Hi everyone, hope you all are doing great!

I wasn't very sure where to put this? 
First, is there such a thing as a small chip size tracking device?
Second, foot rings are just to tell birds apart right?
Third, has anyone ever thought of a safe waterproof ring with a small tracking device in it? 

I don't know, don't be mean if i'm thinking stupid, i just really don't ever want to loose Tweety if he ever gets out and flies off, it'll be easier to track him down with the device. 
Maybe someone should work on that😊


----------



## LaurulCat (Jan 4, 2014)

There are passive microchips which are implanted in the best muscle with a large bore needle that can be used for identification. These are not locator chips, they are only ID chips. They only send back the chip number when the reader is passed over it. They are better than leg bands since they cannot be removed and a leg band can be cut off.

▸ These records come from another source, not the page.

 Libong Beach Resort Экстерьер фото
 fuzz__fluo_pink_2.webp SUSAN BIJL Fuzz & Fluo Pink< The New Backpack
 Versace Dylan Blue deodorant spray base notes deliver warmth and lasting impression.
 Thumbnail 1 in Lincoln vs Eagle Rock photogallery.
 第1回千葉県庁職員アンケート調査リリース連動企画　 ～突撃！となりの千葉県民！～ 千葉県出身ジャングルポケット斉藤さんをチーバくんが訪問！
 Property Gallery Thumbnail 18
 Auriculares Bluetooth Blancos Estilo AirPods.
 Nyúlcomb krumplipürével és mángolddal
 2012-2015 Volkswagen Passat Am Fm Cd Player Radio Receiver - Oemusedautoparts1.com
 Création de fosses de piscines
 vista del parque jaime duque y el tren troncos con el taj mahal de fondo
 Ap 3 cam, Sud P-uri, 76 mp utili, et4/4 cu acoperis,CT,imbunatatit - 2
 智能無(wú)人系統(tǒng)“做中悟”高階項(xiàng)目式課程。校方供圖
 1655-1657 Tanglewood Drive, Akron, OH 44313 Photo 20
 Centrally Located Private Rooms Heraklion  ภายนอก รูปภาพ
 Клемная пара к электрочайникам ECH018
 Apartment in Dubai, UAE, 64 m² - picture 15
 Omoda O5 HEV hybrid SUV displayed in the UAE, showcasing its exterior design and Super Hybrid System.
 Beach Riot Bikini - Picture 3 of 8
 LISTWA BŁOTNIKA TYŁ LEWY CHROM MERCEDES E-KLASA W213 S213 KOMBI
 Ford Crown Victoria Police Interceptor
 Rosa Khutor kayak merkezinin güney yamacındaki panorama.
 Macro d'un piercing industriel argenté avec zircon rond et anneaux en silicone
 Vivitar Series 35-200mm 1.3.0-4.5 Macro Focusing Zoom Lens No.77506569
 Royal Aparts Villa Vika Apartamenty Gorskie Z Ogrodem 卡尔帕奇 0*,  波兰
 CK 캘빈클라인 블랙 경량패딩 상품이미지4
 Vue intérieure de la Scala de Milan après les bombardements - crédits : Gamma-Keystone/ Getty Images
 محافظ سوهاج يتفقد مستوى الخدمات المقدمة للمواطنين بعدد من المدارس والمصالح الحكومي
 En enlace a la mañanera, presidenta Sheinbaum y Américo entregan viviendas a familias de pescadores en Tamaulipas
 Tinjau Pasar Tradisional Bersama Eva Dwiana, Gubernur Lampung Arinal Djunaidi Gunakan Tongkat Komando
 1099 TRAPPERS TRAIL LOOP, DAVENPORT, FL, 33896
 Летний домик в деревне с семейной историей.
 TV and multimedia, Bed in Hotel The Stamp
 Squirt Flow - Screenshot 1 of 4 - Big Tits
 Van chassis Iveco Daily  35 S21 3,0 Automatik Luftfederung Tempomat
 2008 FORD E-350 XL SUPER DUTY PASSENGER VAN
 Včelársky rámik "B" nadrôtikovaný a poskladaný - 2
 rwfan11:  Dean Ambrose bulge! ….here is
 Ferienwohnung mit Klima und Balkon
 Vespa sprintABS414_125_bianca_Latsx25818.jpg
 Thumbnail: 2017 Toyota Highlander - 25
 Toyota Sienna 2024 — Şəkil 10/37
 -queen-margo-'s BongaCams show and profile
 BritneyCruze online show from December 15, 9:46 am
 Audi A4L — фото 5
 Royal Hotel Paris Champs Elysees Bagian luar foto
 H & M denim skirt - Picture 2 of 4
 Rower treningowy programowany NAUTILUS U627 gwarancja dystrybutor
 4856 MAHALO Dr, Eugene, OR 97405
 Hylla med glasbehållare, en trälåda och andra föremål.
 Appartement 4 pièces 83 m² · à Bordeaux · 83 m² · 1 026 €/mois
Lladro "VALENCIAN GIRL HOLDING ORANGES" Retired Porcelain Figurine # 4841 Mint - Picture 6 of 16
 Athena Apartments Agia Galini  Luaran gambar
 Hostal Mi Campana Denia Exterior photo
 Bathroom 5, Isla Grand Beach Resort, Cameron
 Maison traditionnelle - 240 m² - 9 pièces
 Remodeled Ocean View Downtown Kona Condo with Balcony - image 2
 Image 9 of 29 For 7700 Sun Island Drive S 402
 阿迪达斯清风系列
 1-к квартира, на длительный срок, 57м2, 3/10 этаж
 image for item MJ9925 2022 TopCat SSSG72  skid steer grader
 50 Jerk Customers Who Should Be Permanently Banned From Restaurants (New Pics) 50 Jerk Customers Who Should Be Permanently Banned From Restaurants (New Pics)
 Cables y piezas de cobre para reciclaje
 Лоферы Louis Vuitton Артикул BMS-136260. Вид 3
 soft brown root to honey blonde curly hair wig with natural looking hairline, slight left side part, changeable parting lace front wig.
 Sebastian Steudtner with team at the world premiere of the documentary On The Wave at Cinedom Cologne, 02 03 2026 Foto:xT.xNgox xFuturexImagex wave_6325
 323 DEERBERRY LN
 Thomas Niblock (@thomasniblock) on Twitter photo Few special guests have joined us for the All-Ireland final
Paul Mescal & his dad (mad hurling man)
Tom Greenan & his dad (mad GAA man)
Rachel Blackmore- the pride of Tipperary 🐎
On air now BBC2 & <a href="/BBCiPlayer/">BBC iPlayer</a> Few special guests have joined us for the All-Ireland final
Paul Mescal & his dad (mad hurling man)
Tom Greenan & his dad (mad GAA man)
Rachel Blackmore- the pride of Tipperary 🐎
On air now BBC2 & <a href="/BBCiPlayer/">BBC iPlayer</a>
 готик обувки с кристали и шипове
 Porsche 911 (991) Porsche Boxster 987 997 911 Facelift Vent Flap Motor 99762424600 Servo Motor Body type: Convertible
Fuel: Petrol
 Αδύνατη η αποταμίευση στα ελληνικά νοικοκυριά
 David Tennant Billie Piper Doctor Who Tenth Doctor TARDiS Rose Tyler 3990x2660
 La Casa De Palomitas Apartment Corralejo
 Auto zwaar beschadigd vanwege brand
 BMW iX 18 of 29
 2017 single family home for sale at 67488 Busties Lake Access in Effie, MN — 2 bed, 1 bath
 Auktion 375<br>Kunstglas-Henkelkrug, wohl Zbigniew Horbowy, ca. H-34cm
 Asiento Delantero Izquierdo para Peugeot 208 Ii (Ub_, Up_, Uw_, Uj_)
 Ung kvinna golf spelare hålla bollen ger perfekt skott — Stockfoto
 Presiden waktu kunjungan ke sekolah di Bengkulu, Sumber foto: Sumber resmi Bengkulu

Leg bands usually tell you which breeder they came from and what year they were hatched. There is a registry on line you can use to look it up. My Senegal has a band that says FH45, and her breeder said the FH stands for their aviary (Featherheads) and she was the 45th senegal chick they bred.

GPS locater chips are still quite expensive and some scientists use them to track wild birds for study. But as far as I know they are not available for pet owners. The new GPS collars for dogs and cats, with their own home tracking locator, are very expensive but are available.

The best way to make sure they don't fly away is to never allow them near an outside door, ever.

My birds are microchipped, but even chips are useless unless you pay for a registry to keep your info on line to ID your bird if it flies away or gets stolen.


----------



## Tweety_dayana (May 4, 2013)

Thanks for replying!


----------



## roxy culver (May 27, 2010)

And most vets in the states wont microchip a tiel...they do it overseas but not here in the US. They feel they are too small to be chipped.


----------